Five years later, residents have less than a month to save the site. The racetrack is still hidden beneath local roads, gardens and old army buildings, but campaigners are hoping to buy a large Victorian garden which covers the key part of the circuit.
Buried beneath are eight stone enclosures, originally having been fitted with wooden double doors, like giant greyhound racing traps. The land is the garden of a listed but derelict sergeants' mess, which will become an exhibition if the campaign succeeds. If it fails, however, the building will become apartments, and the garden will be the apartment block's private land again.
For almost 2,000 years, the 350-metre outline of the track has remained intact. The site lay undiscovered until the Colchester Archaeological Trust (CAT) began excavating after the Ministry of Defence sold the barracks for housing in 2005. Archaeological digs suggest the racetrack was built in the early 2nd century, and lasted about 150 years before falling out of use, perhaps because a day at the races became prohibitively expensive for the local gentry – crowds received free admission and also expected to receive gifts.
CAT has since traced long stretches of the perimeter, complete with banked seating for up to 15,000 people. The bases of start and finish posts have also been discovered, as well as elaborate fountains that served as lap markers.
Wendy Bailey, chairwoman of Destination Colchester, said a campaign had received a boost with a £30,000 council contribution. "This has really caught the imagination of ordinary local people," she told The Guardian. "We're doing a fundraiser at the local football ground, where one man said: 'This was like their football to the people of those days.' We are extraordinarily grateful to the council, but I still don't think the authorities charged with protecting it really get how important this heritage is to local people."
Tony Robinson, the actor and presenter of Channel 4's Time Team, has supported the campaign, as have the politician Tony Benn and the historian Dan Cruickshank.
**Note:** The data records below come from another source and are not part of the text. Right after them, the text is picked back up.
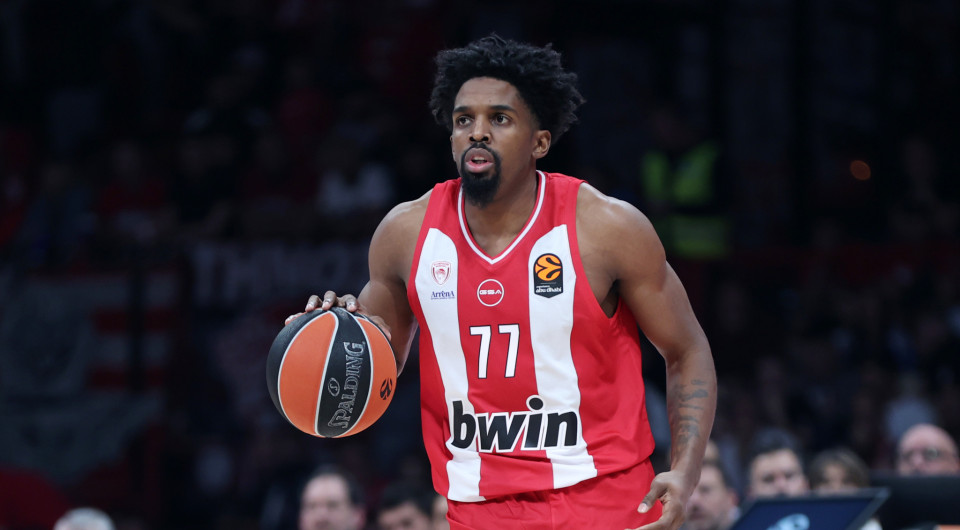 ΜακΚίσικ ενόψει Χάποελ: «Ελπίζω ο Βεζένκοφ στη Σόφια να κάνει το ματς της ζωής του»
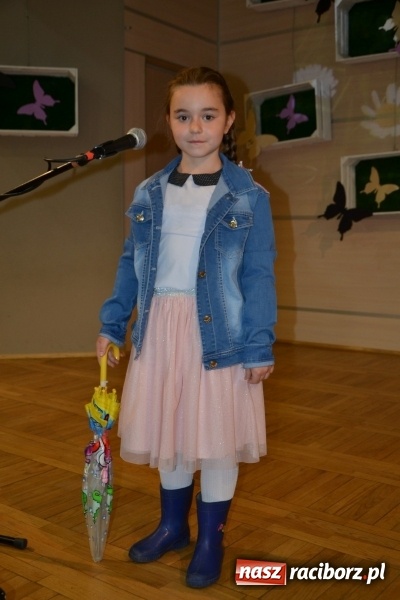 Zdjęcie w galerii na portalu naszraciborz.pl: Taniec i recytacja. Młode talenty na scenie w Tworkowie wiadomości z regionu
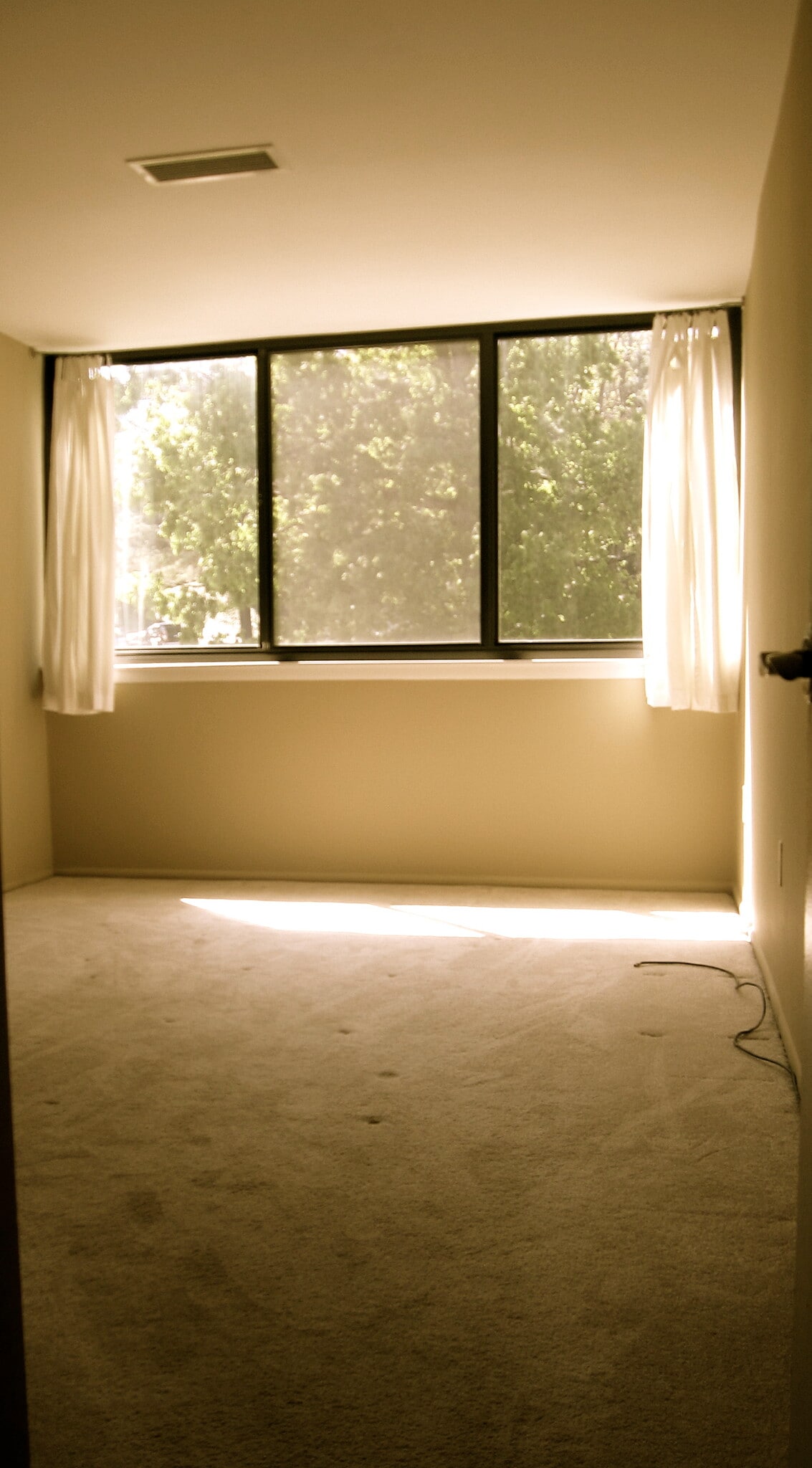 Bedroom - 12 S Van Dorn St
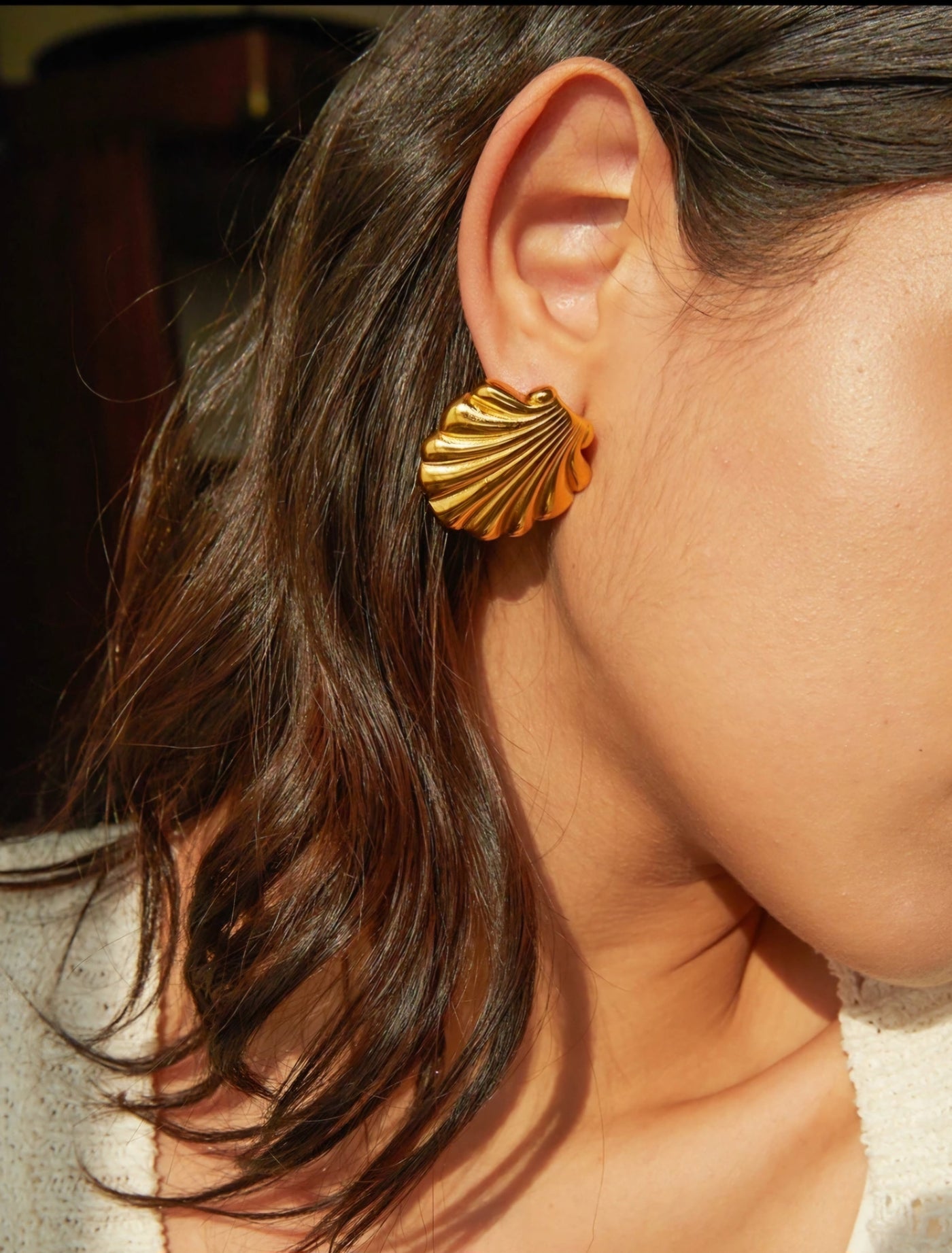 Stainless Steel Seashells 18K Gold Plated, Waterproof Fashion Seashells Stud Earrings. - YeYesJewelryDesign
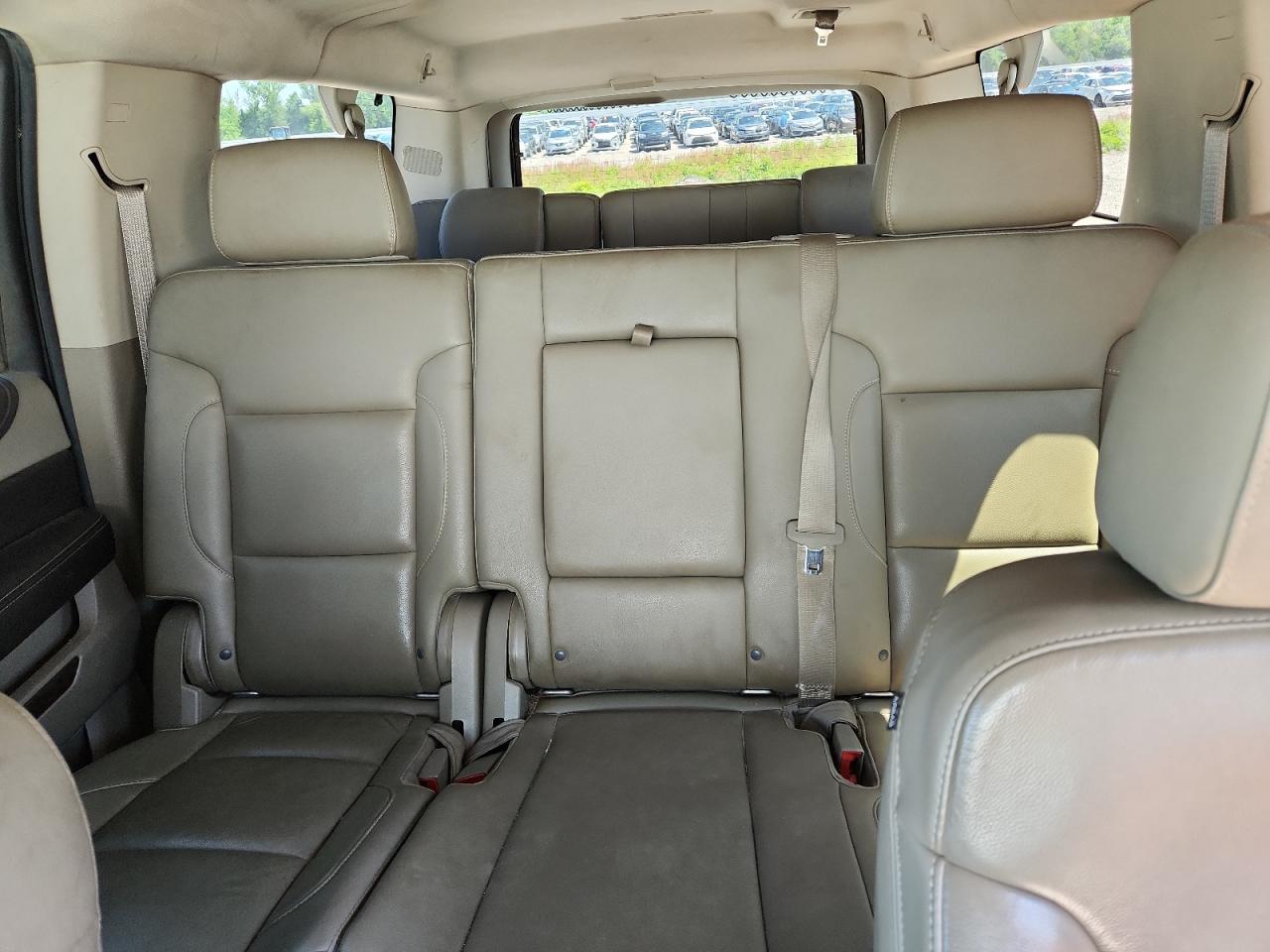 2015 Chevrolet Suburban VIN 1GNSCJKC8FR542679 photo 10
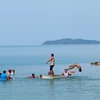 Du khách tắm biển tại quần đảo Hải Tặc, xã Tiên Hải, thành phố Hà Tiên. (Ảnh: TTXVN phát)
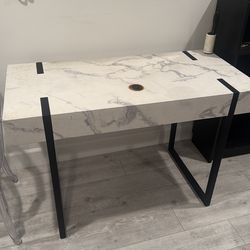 FREE Black and white Desk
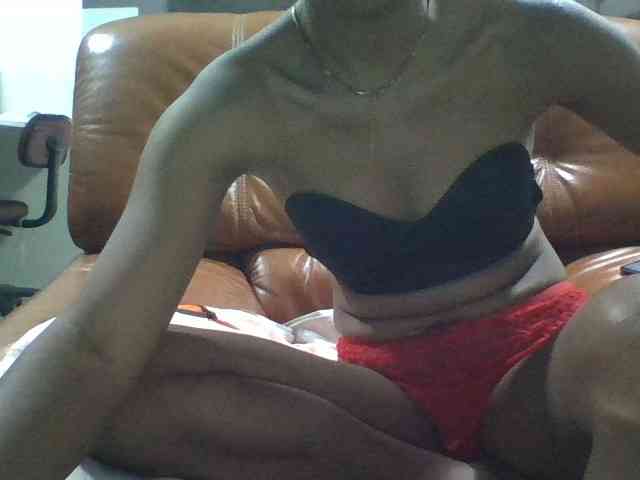Brenda8824 webcam
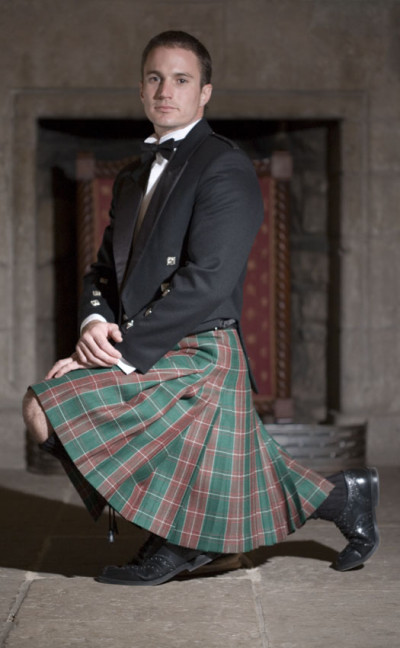 Kilty Welsh Welsh Traditional 8 Yard Kilt and Flashes - Kilts - Kilts ...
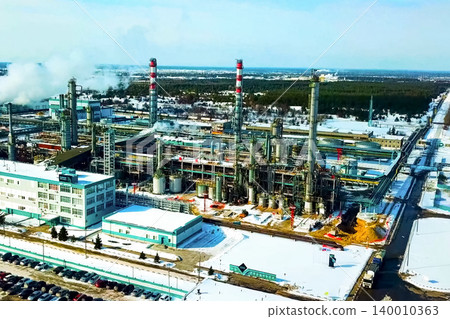 Oil refinery and petrochemical plant Oil refinery and petrochemical plant 140010363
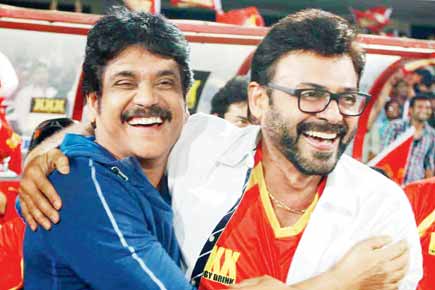 When Nagarjuna and Venkatesh jumped with joy at CCL 2015 finale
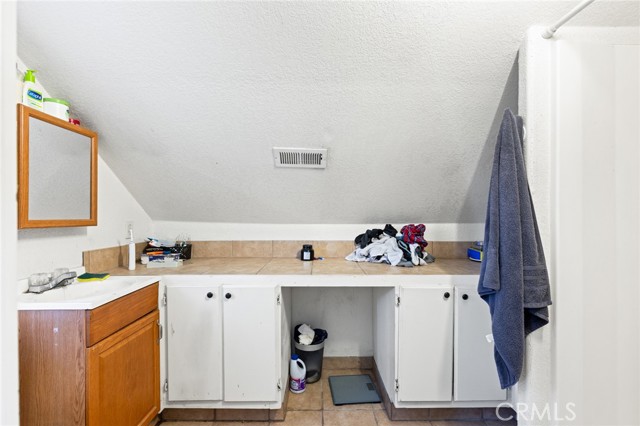Detail Gallery Image 11 of 23 For 831 Rio Chico Way, Chico,  CA 95928 - 7 Beds | 2 Baths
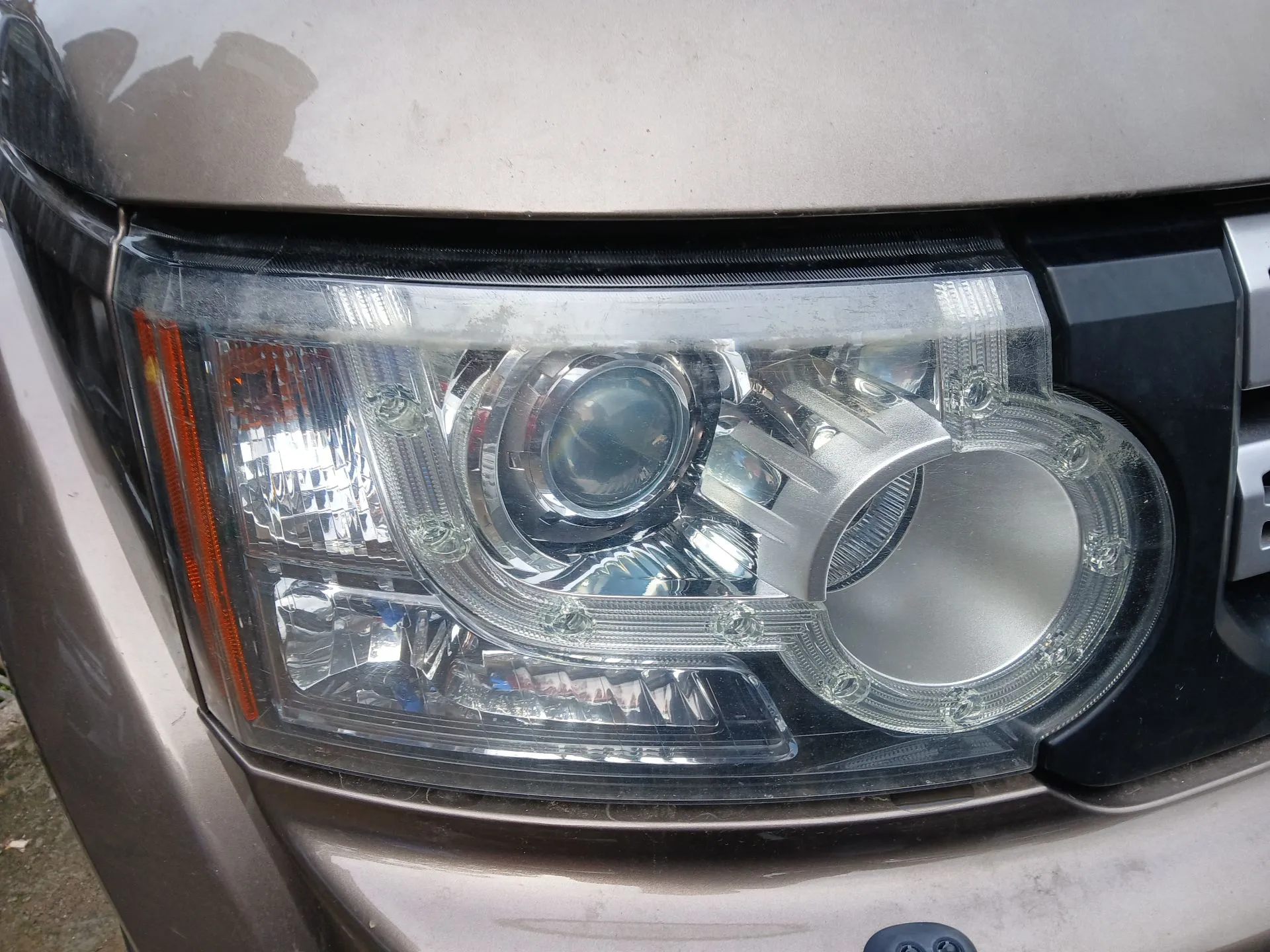 Frente Completa LAND ROVER Discovery IV (L319) Imagem-17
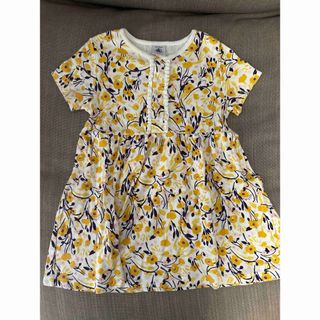 プチバトー(PETIT BATEAU)のプチバトー　Petit Bateau  ワンピース　花柄　24mois 86cm(ワンピース)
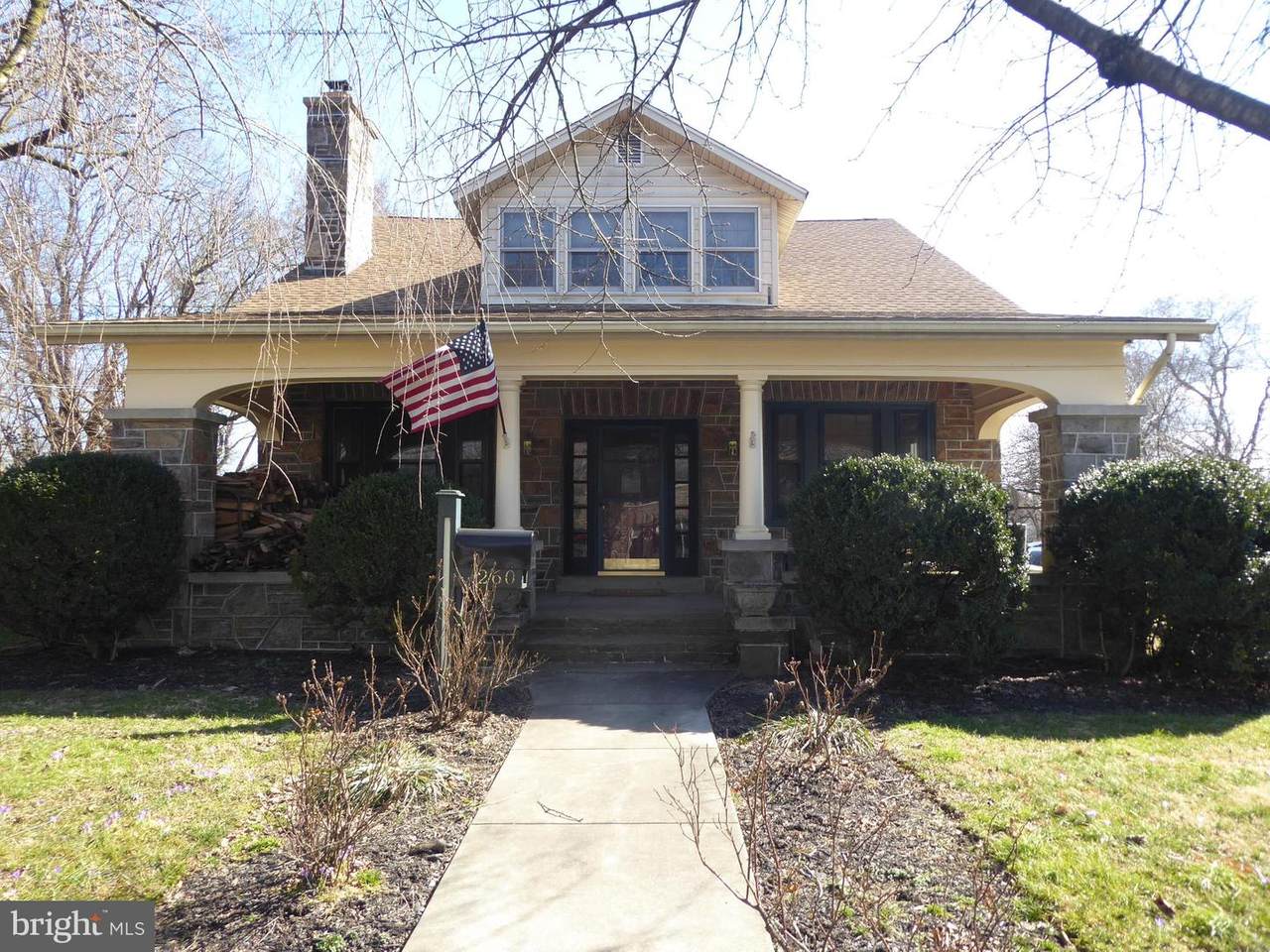 260 Evergreen Street - Photo 1
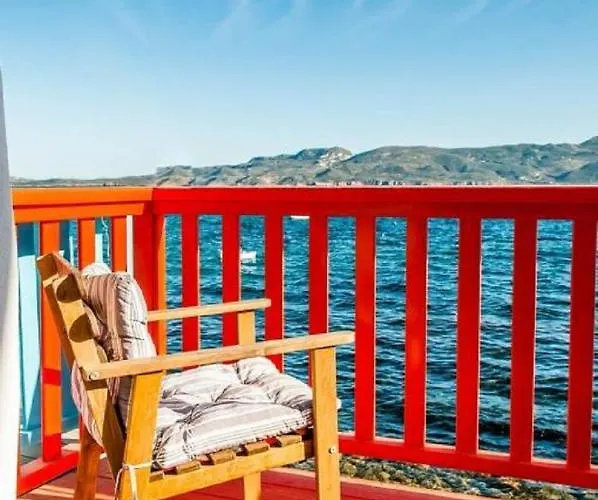 Dream Boathouse بيت للعطل Klima (Milos)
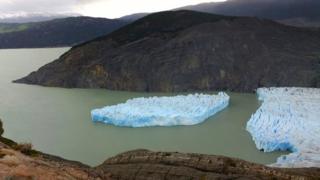 El desprendimiento en el glaciar Grey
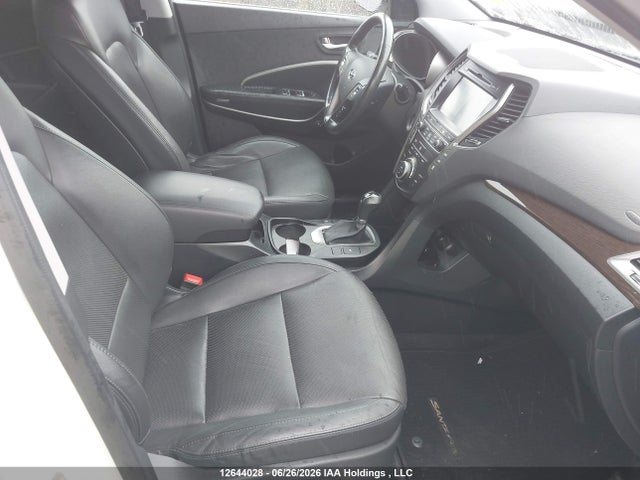 12644028 :رقم المزاد ، KM8SNDHF2JU285607 vin ، 2018 Hyundai Santa Fe Se/limited مزاد بيع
Mr Robinson said the circus was an incredible find. "I hope local people, politicians and businesses will all play their part in ensuring as much of it as possible, including the starting stalls, is made secure and accessible for future generations."
If the campaigners are to buy the land and have the site taken off the market, they will need to find £200,000 by the end of February. The sergeants' mess hall building, which they hope will be bought by the archaeology trust and a consortium of community groups and businesses, will cost a further £550,000
More than £120,000 has so far been raised in just a few weeks, almost entirely in small donations from the public. Colchester United flashed up the campaign poster on their screens during a recent match.
Chariot racing was very popular with the Romans, as immortalised by Charlton Heston in the movie adaptation Ben-Hur, but only four tracks have been found in the former north-western provinces of the old Empire. Colchester was once the capital of Roman Britain, and now claims to be Britain's oldest town. The Roman garrison in the town would have provided an enthusiastic audience.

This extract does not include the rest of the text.